- HOW TO COMPLETE THIS TASK: Copy nothing but the lines from the one containing "Мусульманское платье с" through the last line of the entries below, exactly as written and without pictures.

- DATA LISTING:
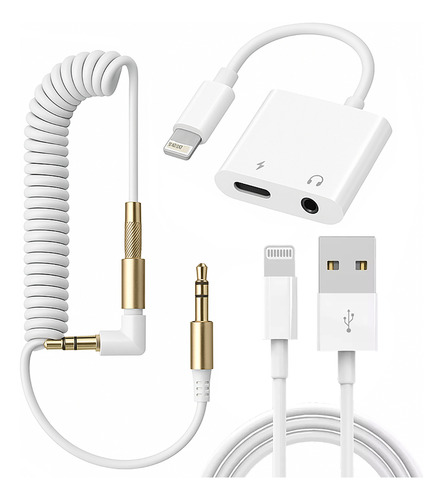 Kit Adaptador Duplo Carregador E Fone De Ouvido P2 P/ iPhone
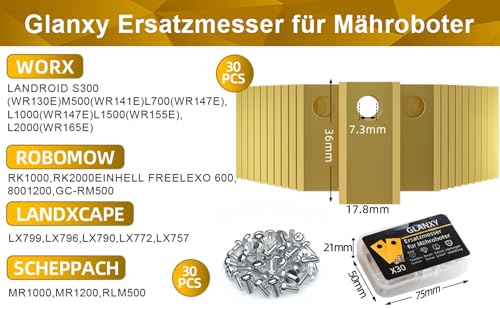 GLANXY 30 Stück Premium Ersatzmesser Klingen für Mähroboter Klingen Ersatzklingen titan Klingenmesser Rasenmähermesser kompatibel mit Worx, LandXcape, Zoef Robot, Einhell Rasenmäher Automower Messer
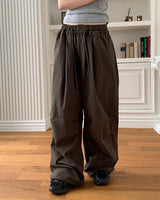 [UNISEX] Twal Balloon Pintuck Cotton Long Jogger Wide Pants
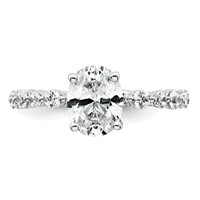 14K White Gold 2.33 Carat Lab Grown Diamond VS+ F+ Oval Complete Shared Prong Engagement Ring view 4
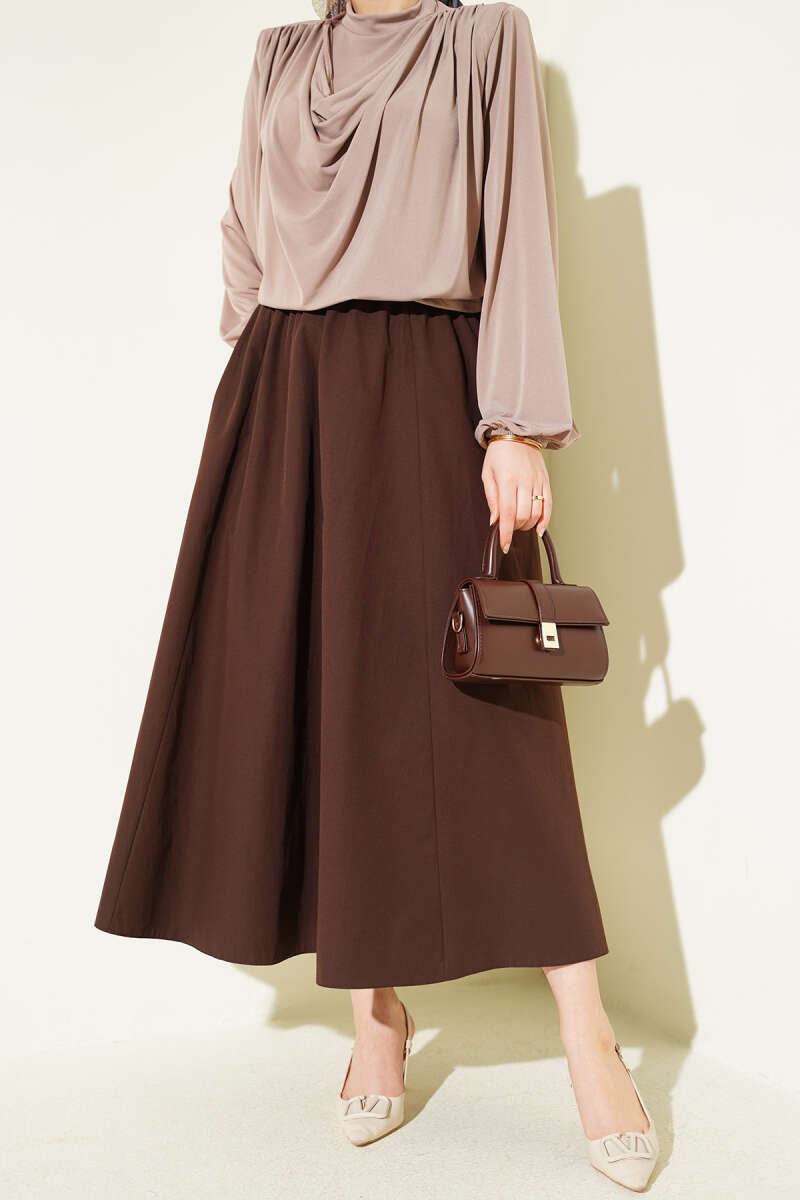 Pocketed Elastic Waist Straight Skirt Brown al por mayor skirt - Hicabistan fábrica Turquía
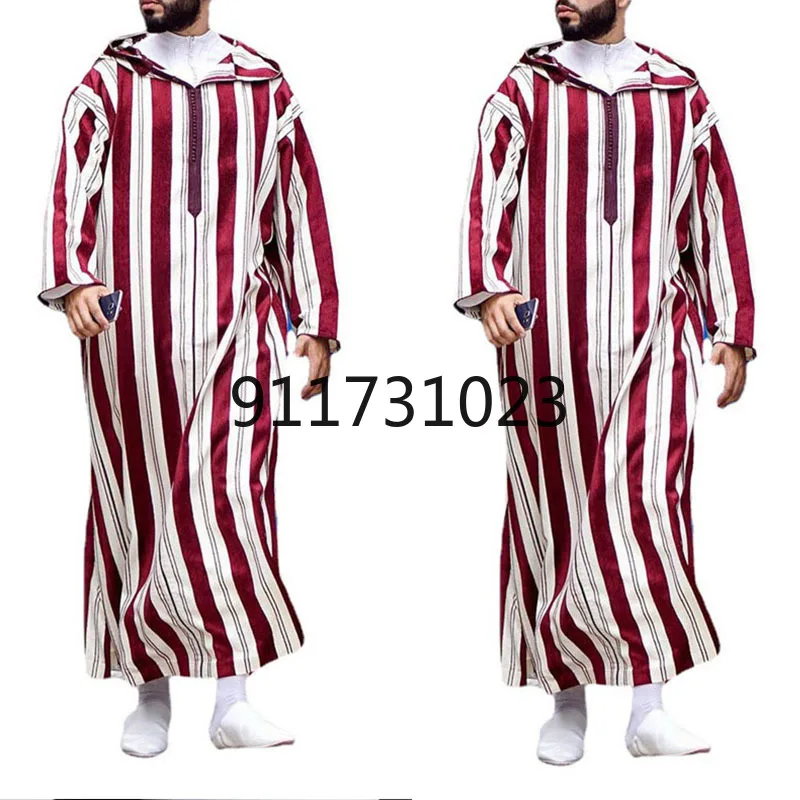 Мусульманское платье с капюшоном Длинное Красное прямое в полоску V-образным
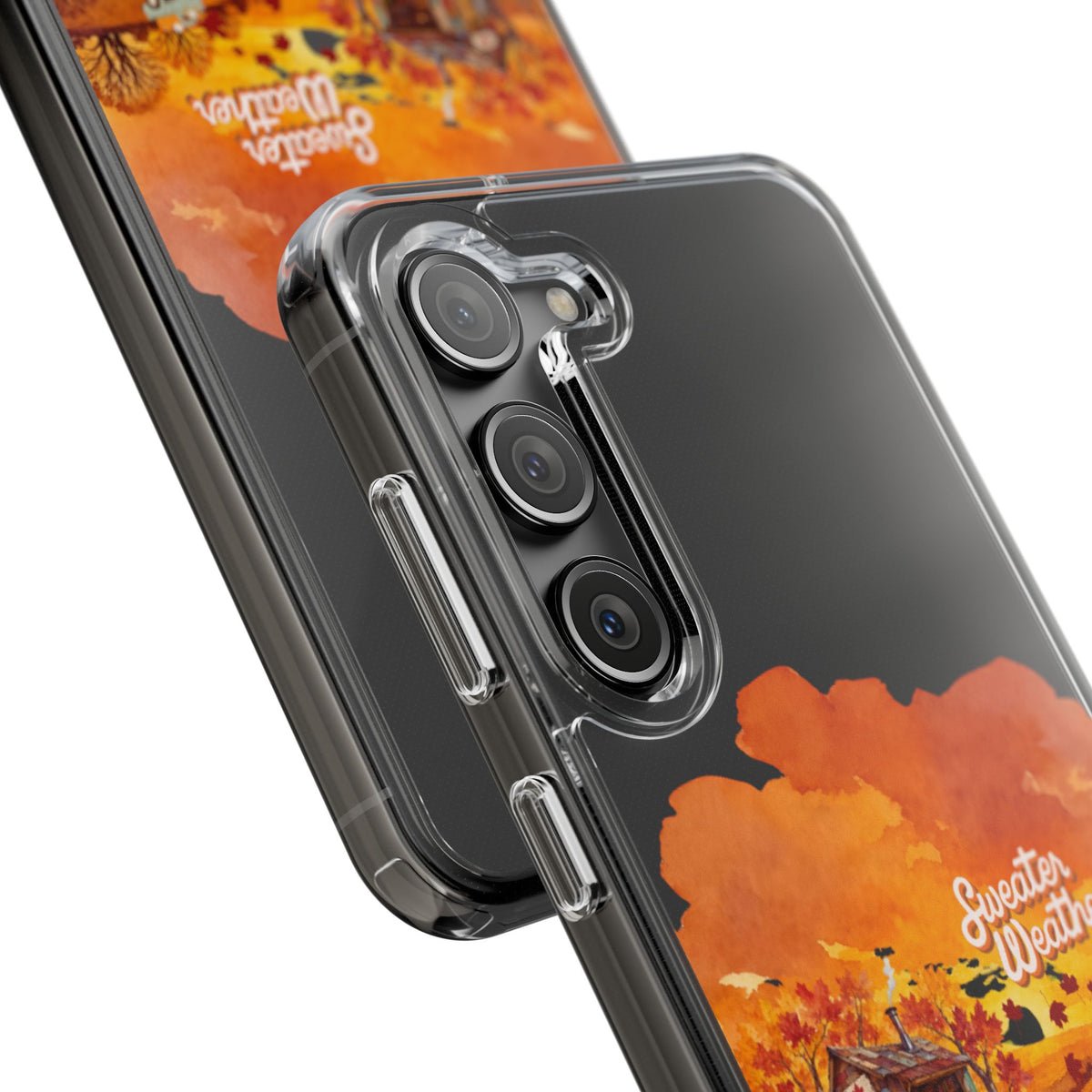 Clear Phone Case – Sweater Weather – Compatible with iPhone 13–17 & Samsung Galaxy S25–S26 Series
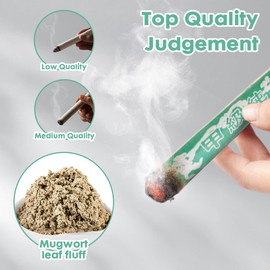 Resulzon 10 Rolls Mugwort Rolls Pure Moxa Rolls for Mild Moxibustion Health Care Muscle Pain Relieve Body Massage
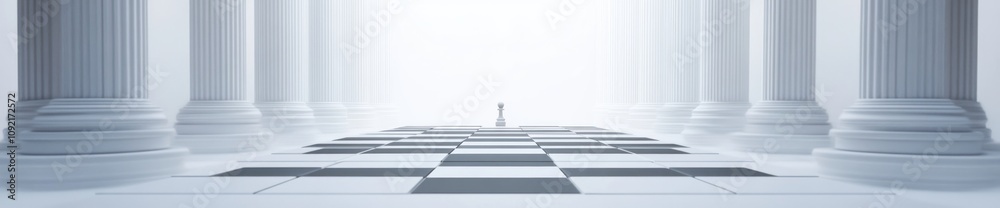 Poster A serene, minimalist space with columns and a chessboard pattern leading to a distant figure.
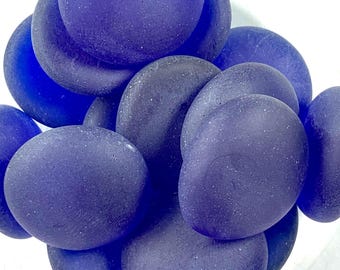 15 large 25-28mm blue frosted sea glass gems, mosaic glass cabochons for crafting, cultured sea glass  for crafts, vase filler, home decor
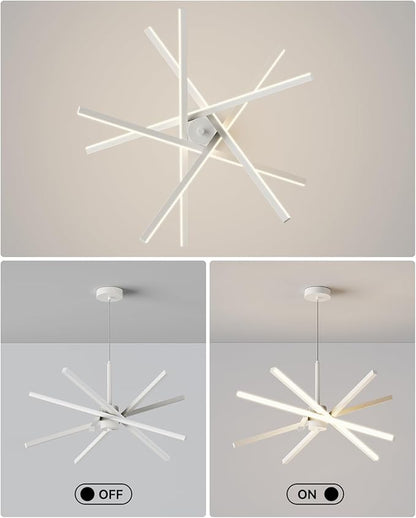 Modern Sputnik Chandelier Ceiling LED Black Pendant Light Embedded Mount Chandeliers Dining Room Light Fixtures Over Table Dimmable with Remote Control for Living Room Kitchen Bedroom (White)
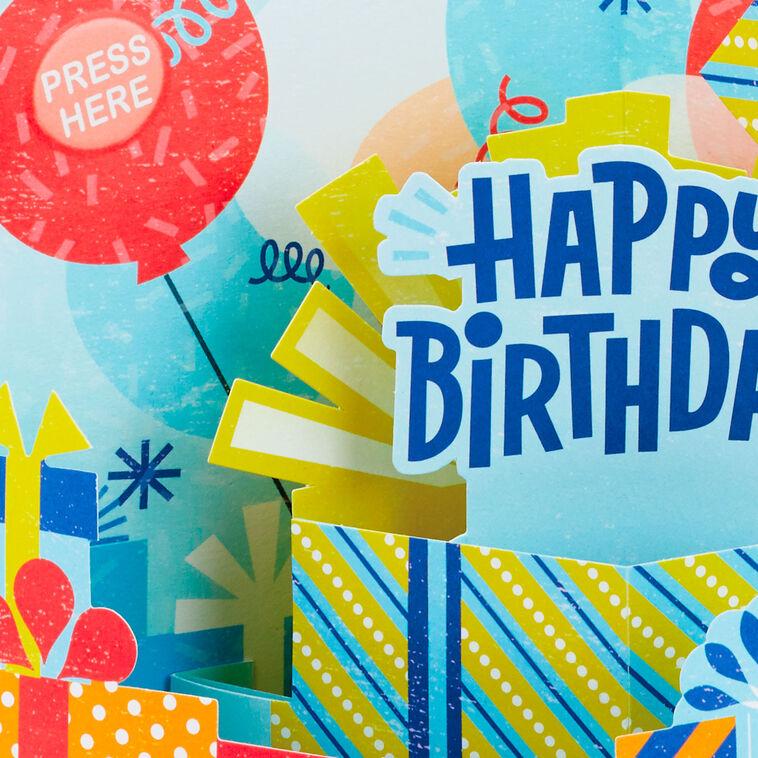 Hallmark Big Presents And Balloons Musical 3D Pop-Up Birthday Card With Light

- TASK RESPONSE:
 Мусульманское платье с капюшоном Длинное Красное прямое в полоску V-образным
 Clear Phone Case – Sweater Weather – Compatible with iPhone 13–17 & Samsung Galaxy S25–S26 Series
 Resulzon 10 Rolls Mugwort Rolls Pure Moxa Rolls for Mild Moxibustion Health Care Muscle Pain Relieve Body Massage
 Poster A serene, minimalist space with columns and a chessboard pattern leading to a distant figure.
 15 large 25-28mm blue frosted sea glass gems, mosaic glass cabochons for crafting, cultured sea glass  for crafts, vase filler, home decor
 Modern Sputnik Chandelier Ceiling LED Black Pendant Light Embedded Mount Chandeliers Dining Room Light Fixtures Over Table Dimmable with Remote Control for Living Room Kitchen Bedroom (White)
 Hallmark Big Presents And Balloons Musical 3D Pop-Up Birthday Card With Light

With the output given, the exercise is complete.